Evaluation In Philanthropy

Filed under: Charities,Charity,Management,Non-Profit,Strategy — Darren Mullenix @ 4:10 pm

I recently received an article via e-mail that I found very thought provoking and frankly a bit challenging.  The original article is unfortunately behind a subscription wall so I can’t link to it but it was written by Michael Scriven and published in the Grantmakers Evaluation Network, vol. 7, No. 1, Winter 2000.  The article was written specifically to foundations and is titled Evaluation and the Philanthropic Fallacy.

In the article is this paragraph:

Without serious evaluation and needs assessment, you have no way of knowing that you are providing help to those who need it most; you have no way of knowing whether what you’re providing for them is the best you could provide, given your resources; and you have no way of knowing whether the way in which you provide it is anything like optimal – even within the foundation’s chosen mission area.  It follows that you have no way of knowing whether you are grossly abusing the funds and other resources in your charge.

Substitute the word foundation with your organization’s name.  One of the points that this presentation makes is that we in the non-profit world often mistakenly think that implementing a systematic evaluation process is a misuse of donor funds.  After all, if they are not going directly to the program then they are counted as overhead or administrative expense and we need to avoid those expenditures whenever possible.

Scriven makes the case, and I tend to agree with him, that evaluation should be considered part of program expense.  When properly conducted, evaluation systems will lead to improvement in the efficiency and effectiveness of the non-profit organization.  Too often we are running hard and fast to respond to the world’s problems (or at least those in our neighborhood) and don’t stop to think about doing our best.  Good implementation of evaluation systems should improve the payoff from the organization’s program expenditures.  If for no other reason than the organization learns what it did wrong and sets a process for correction.  While Scriven is pointing the finger at foundations, the principles apply to non-profit organizations in general.

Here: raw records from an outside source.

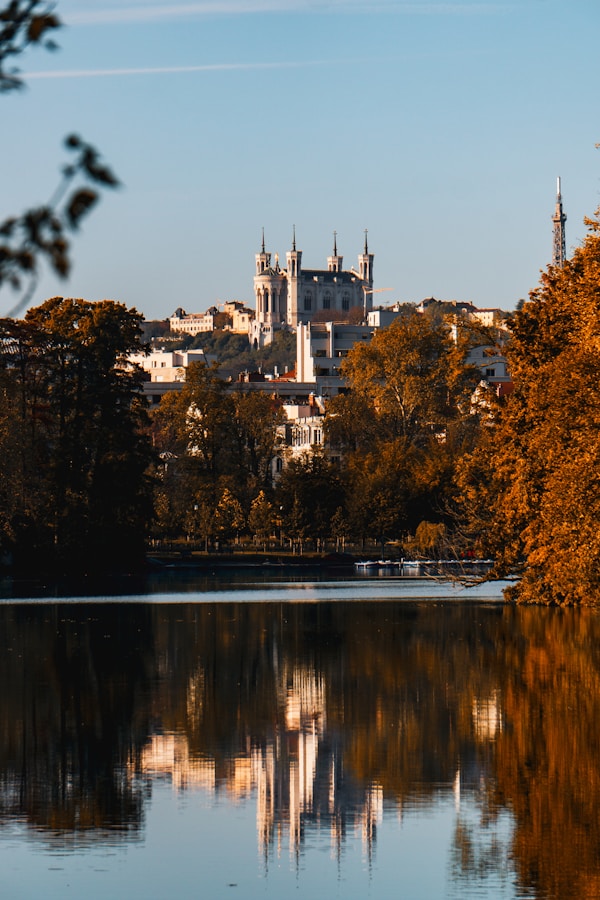 Exploring Lyon's Authentic Cuisine: Local Dishes, Restaurants, and Recipes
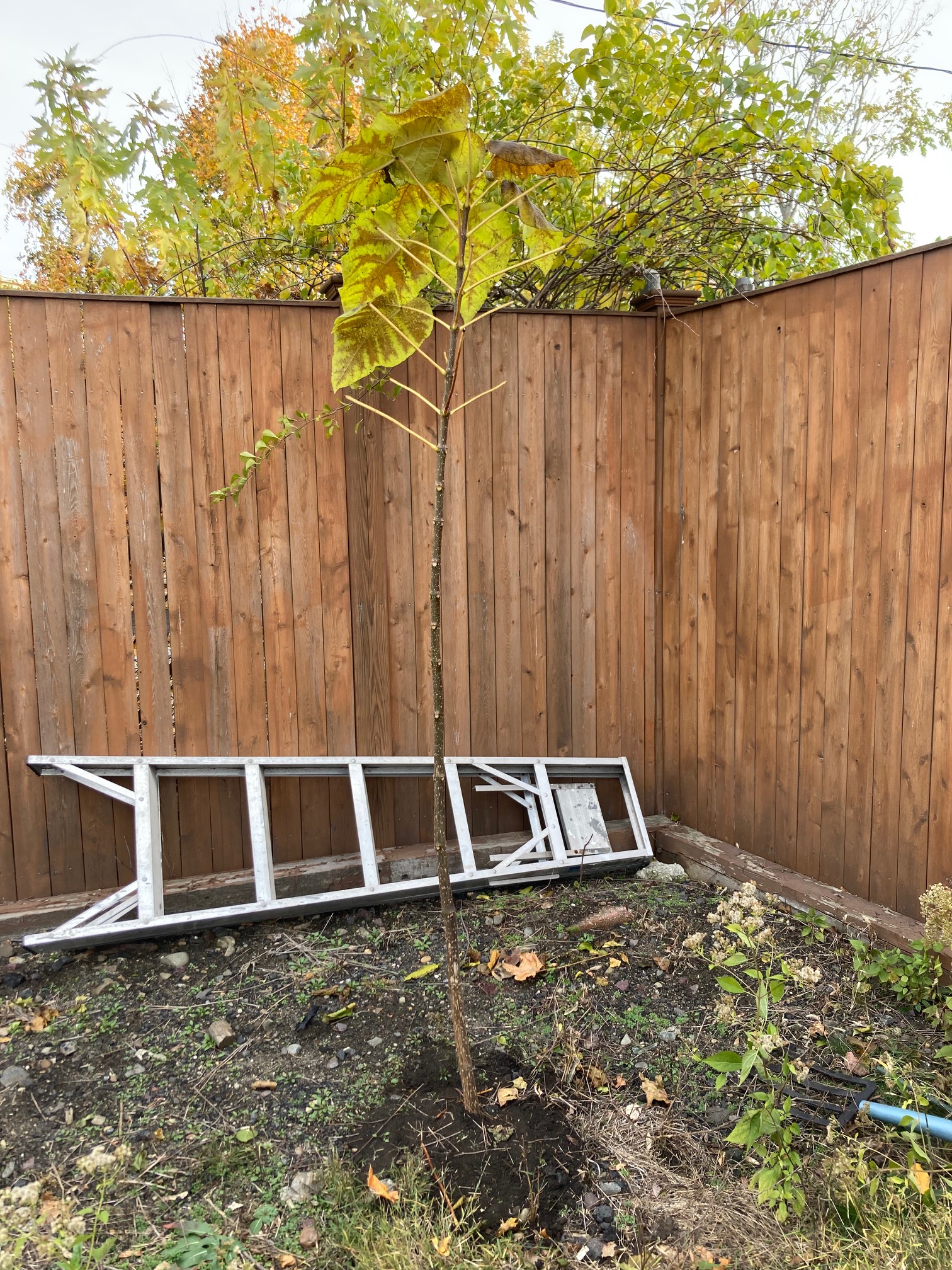 Branch planted in ground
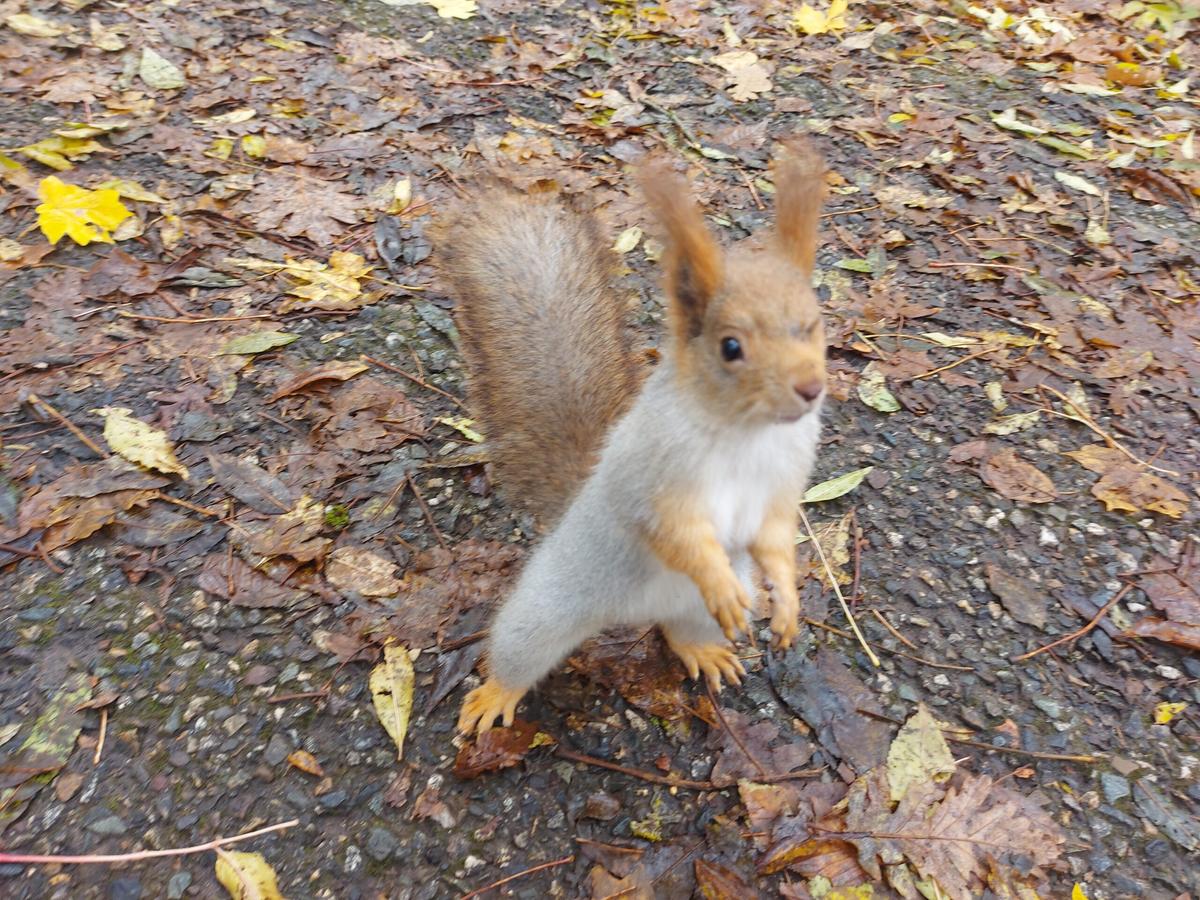 В Железноводске озаботились увеличением популяции белок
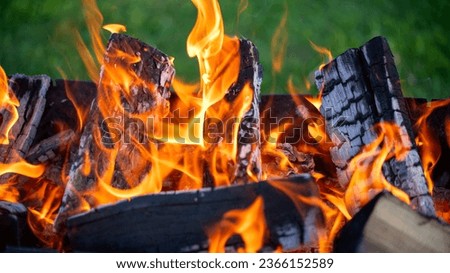 Close-up barbecue and eyebrows, birch coals for barbecue, lawn in background, vignetting
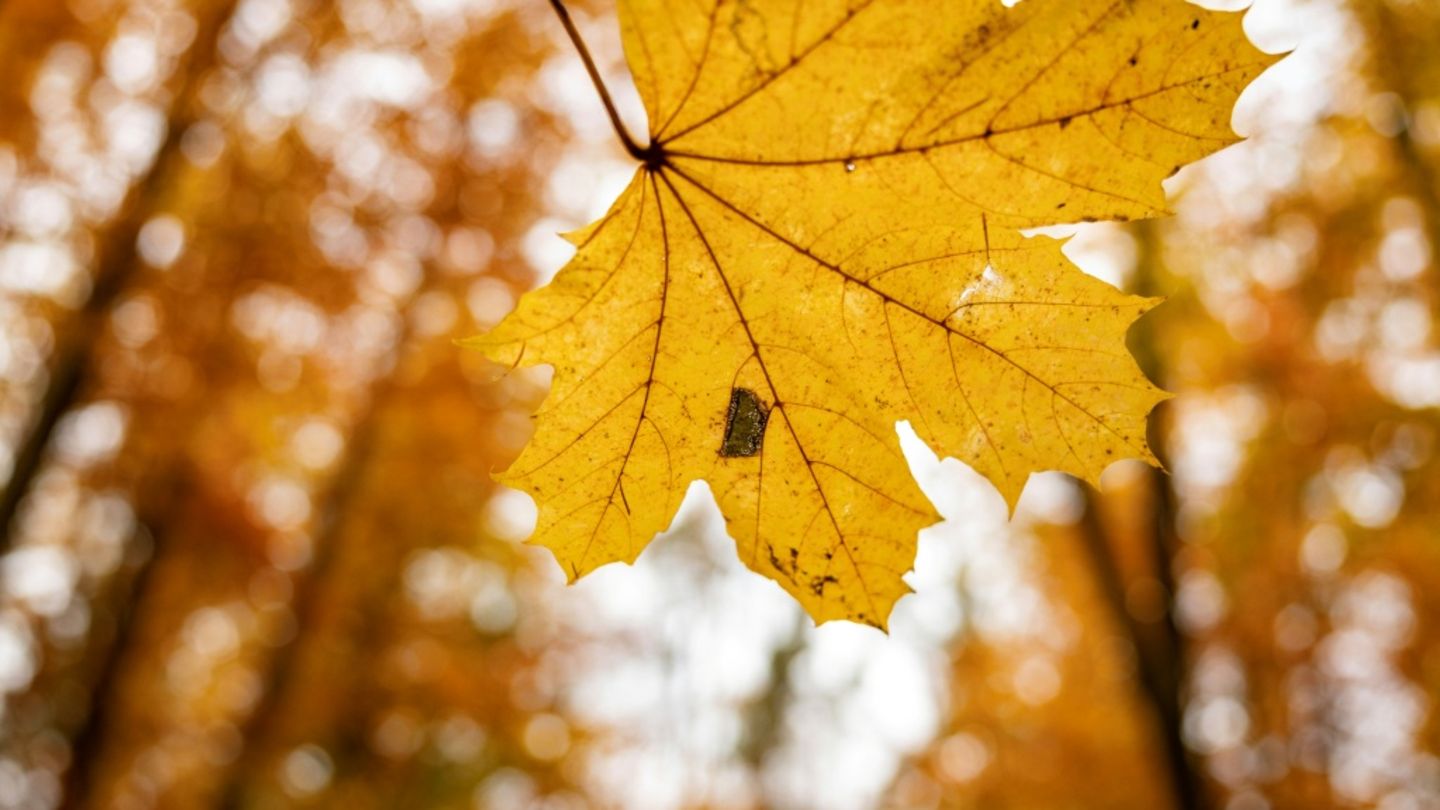 Wetterbilanz: Oktober war golden - aber auch überdurchschnittlich nass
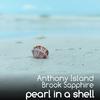 Anthony Island - Pearl in a shell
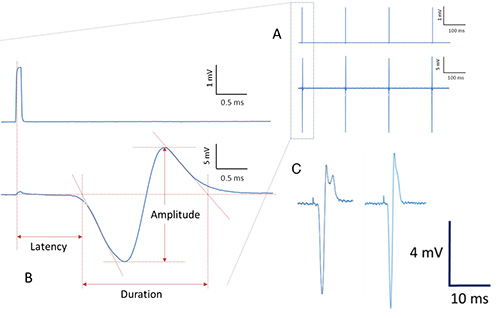 figure-protocol-4941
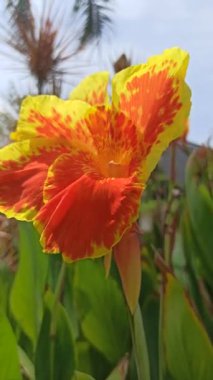 Bahçedeki Canna Lily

Apart from its role as (1) a multiplier of the effectiveness of existing efforts, evaluation has other functions: (2) the accountability function – showing the trustees and the public sector that you are performing optimally; (3) the learning function – by learning from mistakes as well as successes, you find where you can do the most good (this means that negative results are treated as being just as important as positive ones, which usually calls for a culture shift in a nonprofit; (4) the research function, adding to our generalizable and specific knowledge; and (5) the motivational function. . . . The bottom line is that the absence of serious professional evaluation – evaluation which is itself critically evaluated to make sure it’s doing what it’s supposed to do – is not just sign of bad management in the nonprofit, it is a sign of dereliction of duty.

Building evaluative capacity into program offerings is increasingly important.  Without some method of examining our work, do we know for sure that we are doing the best we can?  Oh, and as Scriven points out in closing – evaluate the evaluators.  “And never hire an evaluator who can’t suggest ways to get her or his work evaluated.”